Também não pairam dúvidas de que no 7 de setembro, quando ameaçou ministros do Supremo, Bolsonaro riscou a linha no chão. O recuo proposto pelo ex Michel Temer, autor da carta de paz ao STF, foi apenas tático. Menos de uma semana depois, as baterias do presidente voltavam a apontar para o ministro Alexandre de Moraes e as urnas eletrônicas.
Recentemente, desafiou a Corte com o perdão concedido ao deputado Daniel Silveira, um dia após o pleno condená-lo à prisão por 9 x 1. Agora, subiu mais tijolos no emparedamento à Justiça ao anunciar que fará auditoria privada das eleições.
A ideia da auditoria soou como improvável até para aliados. Mas se tratando de Bolsonaro, que lança tempestades no quintal alheio enquanto se abriga no conforto do cargo e na impunidade comprada junto ao Centrão e à Procuradoria-Geral da República, o absurdo pode ganhar tons de normalidade. A auditoria provavelmente não ocorrerá, mas só a hipótese de realizá-la garante o tumulto institucional pretendido pelo presidente.

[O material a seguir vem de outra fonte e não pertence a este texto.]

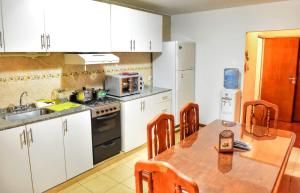 a kitchen with a wooden table and white cabinets at Departamento Centro con cochera gratis in Paraná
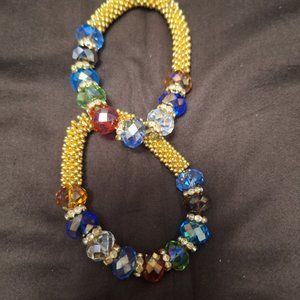 TWO  GOLD  AND COLOR STONE BRECELTS.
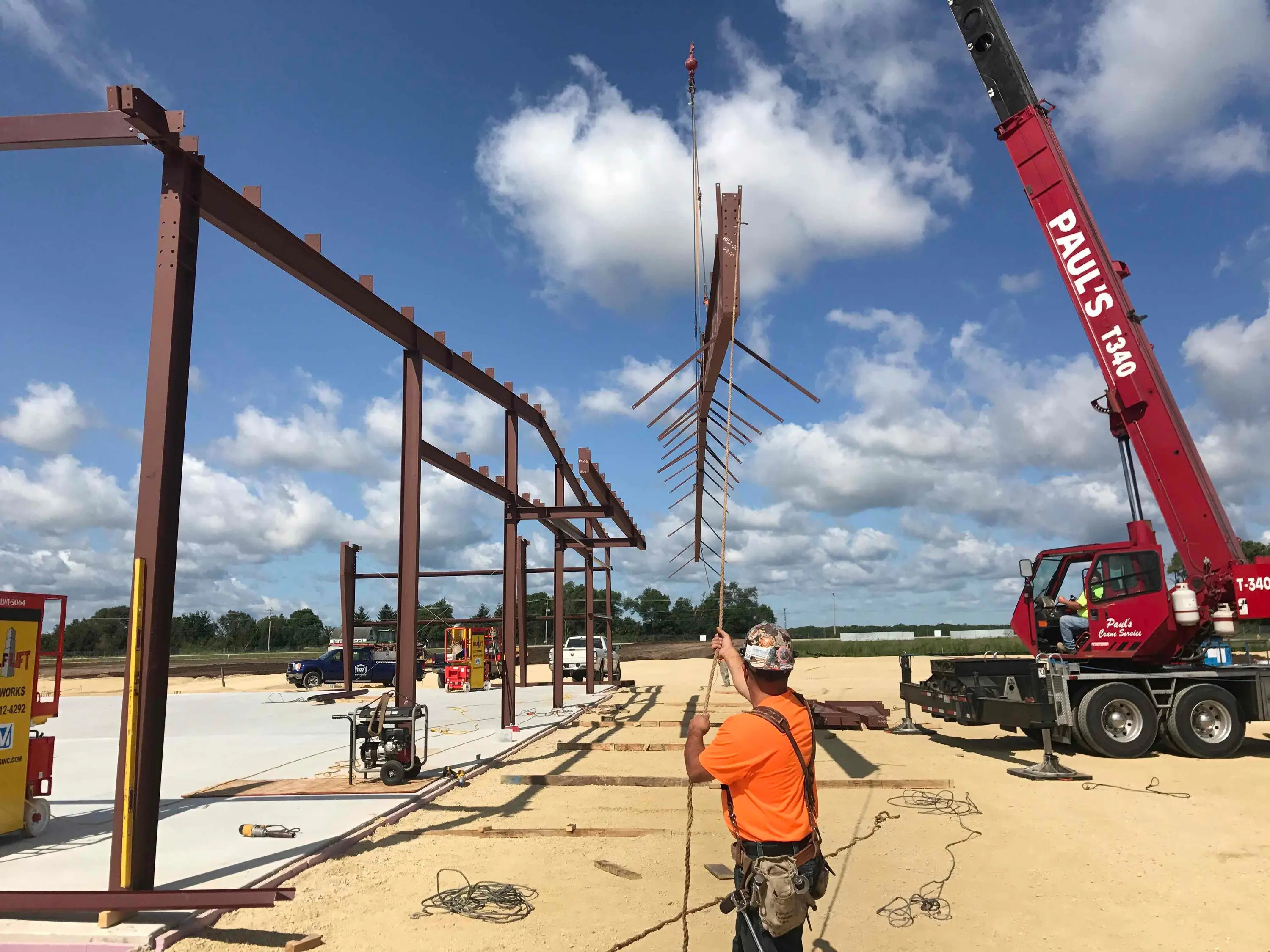 Crane lifting a steel beam into place on a building frame under construction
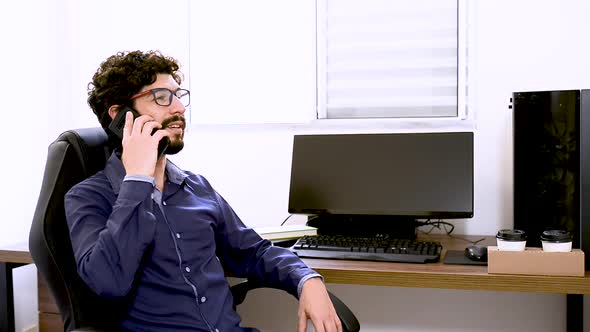 Latin man having a conversation at phone in office. Steady shoting. Home office subject.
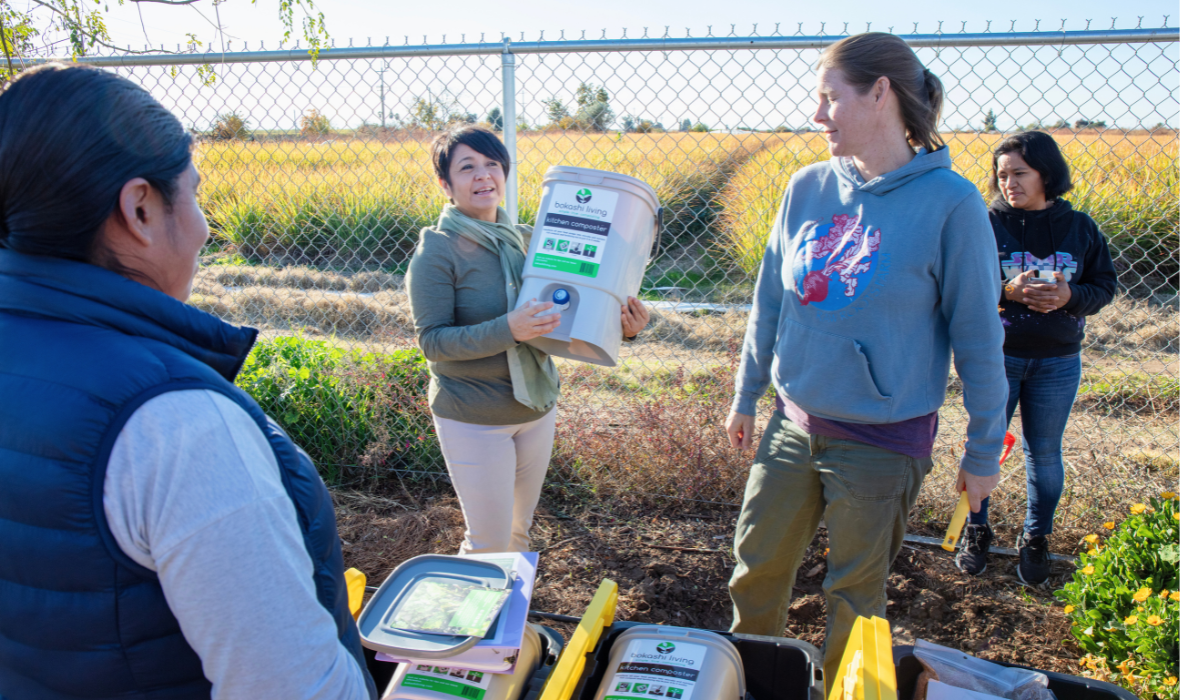 Nayamin Showing A Kitchen Composter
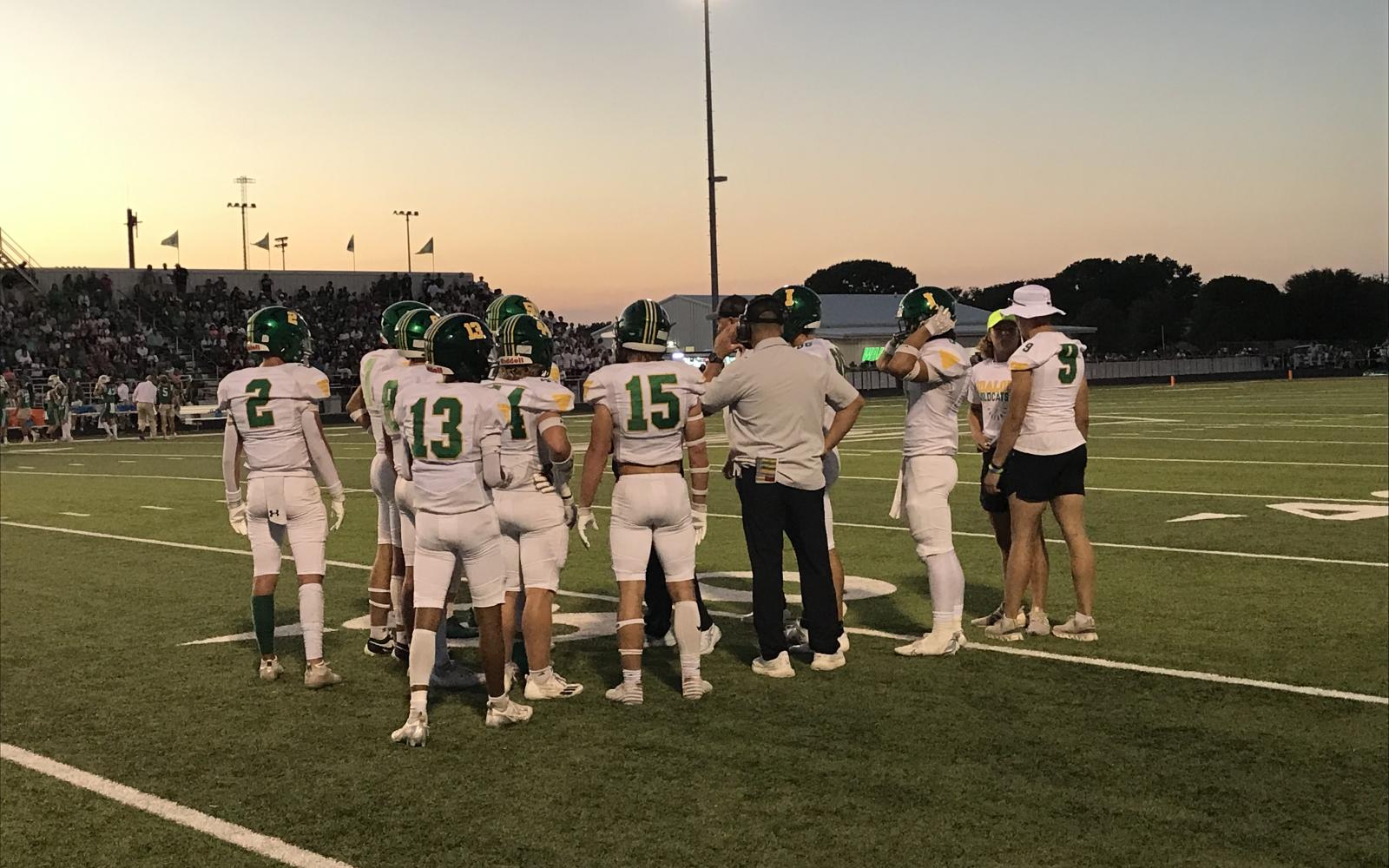 Idalou's players and coaches talk before taking the field against Wall on Friday, Oct. 4, 2024.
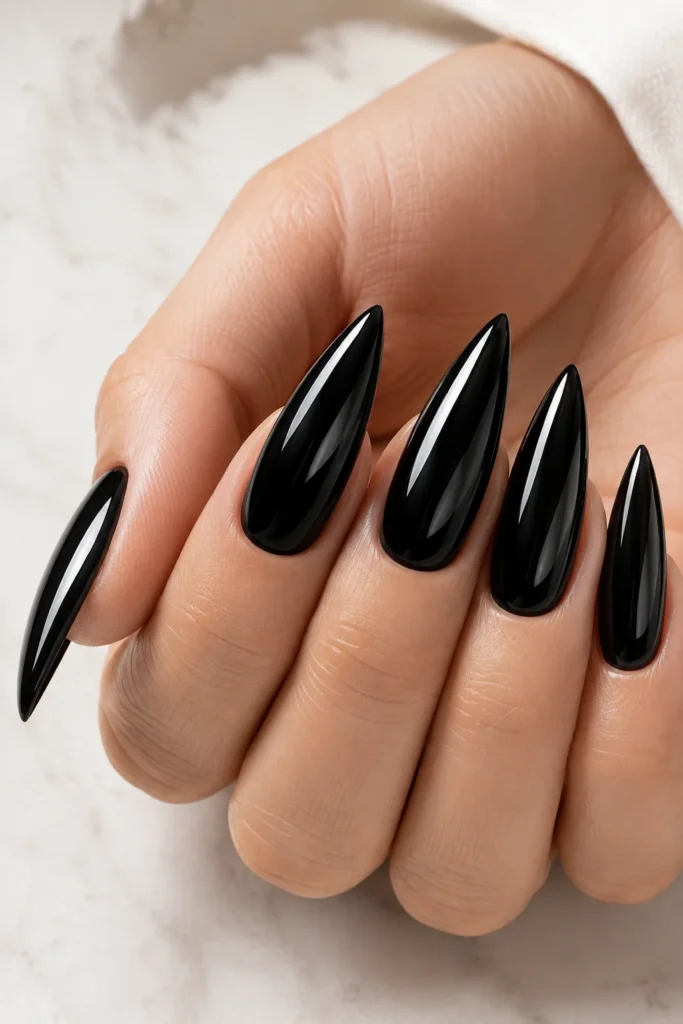 Classic glossy black stiletto nails with high shine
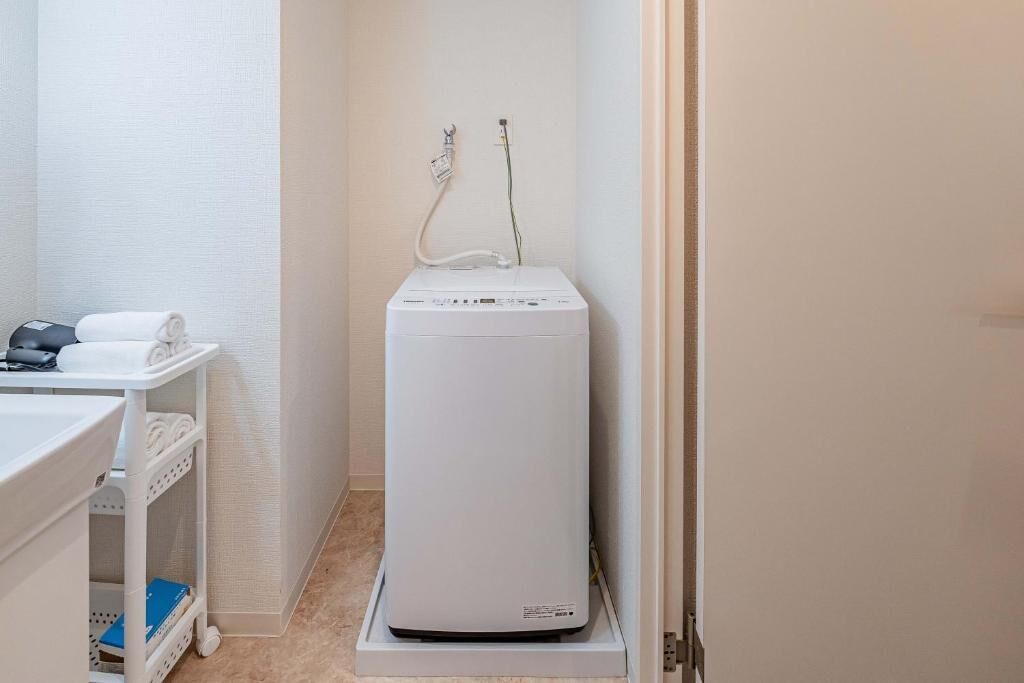 A white portable heater in a bathroom with a white shelf containing towels and a blue book.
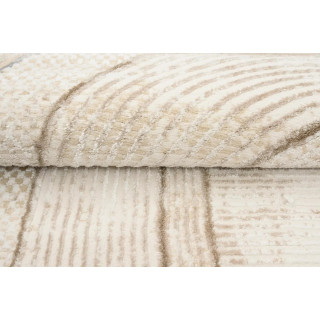 Moderna vzorčasta preproga v krem barvi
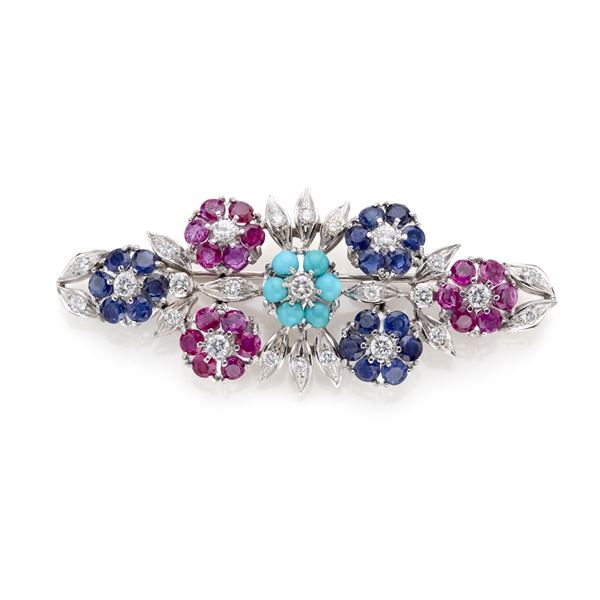 White gold brooch with diamonds, rubies, sapphires and turquoises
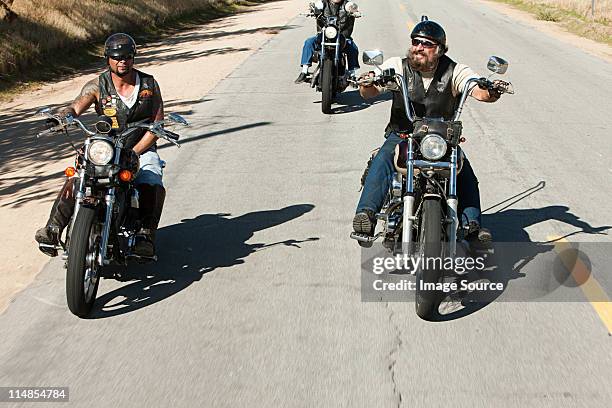 Man Riding Motorcycle Through Desert Photos and Premium High Res ...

Mais uma etapa do golpe em curso, que se acelera sob as vistas do Congresso Nacional, cuja maioria só tem olhos para as barganhas eleitorais, da PGR e sua lassidão, e das cortes superiores da Justiça – STF e TSE -, isoladas no combate às insanidades do presidente.
Para Bolsonaro, o “estado de golpe” tem absoluta serventia. Amedronta e abre espaço para o próximo estágio.